* [Task]
Return only how many lines in the data include the string "Brake".

[Web page caption snippets]
● ● ●

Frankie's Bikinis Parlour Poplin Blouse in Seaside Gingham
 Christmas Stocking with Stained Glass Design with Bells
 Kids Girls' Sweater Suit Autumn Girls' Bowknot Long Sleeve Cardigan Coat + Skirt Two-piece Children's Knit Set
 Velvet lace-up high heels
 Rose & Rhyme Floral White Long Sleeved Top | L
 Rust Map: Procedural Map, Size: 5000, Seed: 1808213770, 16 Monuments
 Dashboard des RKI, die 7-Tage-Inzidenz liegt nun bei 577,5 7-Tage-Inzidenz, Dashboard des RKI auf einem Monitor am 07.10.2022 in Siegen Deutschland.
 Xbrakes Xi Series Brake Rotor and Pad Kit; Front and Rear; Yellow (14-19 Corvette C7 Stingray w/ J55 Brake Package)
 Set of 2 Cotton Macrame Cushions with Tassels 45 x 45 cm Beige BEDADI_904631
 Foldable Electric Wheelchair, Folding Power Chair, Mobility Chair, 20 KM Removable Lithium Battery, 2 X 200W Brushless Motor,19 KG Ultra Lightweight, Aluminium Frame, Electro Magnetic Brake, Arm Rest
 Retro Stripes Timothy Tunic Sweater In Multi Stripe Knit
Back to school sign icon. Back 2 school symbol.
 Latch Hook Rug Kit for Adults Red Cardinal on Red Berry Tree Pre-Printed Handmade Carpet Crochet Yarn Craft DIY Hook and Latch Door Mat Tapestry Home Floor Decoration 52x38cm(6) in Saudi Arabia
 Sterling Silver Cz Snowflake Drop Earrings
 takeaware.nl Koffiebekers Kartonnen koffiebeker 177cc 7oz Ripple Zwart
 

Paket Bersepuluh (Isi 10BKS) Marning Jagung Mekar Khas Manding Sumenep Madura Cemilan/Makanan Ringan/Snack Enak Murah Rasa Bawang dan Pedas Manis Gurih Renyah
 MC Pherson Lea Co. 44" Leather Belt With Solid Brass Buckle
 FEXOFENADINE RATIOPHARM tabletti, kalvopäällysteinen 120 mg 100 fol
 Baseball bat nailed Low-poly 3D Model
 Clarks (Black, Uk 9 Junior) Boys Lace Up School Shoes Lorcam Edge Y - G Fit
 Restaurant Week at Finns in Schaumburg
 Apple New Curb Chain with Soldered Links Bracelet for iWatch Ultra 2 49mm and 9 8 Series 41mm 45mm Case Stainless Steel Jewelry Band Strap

● ● ●

* [Answer to the exercise]
2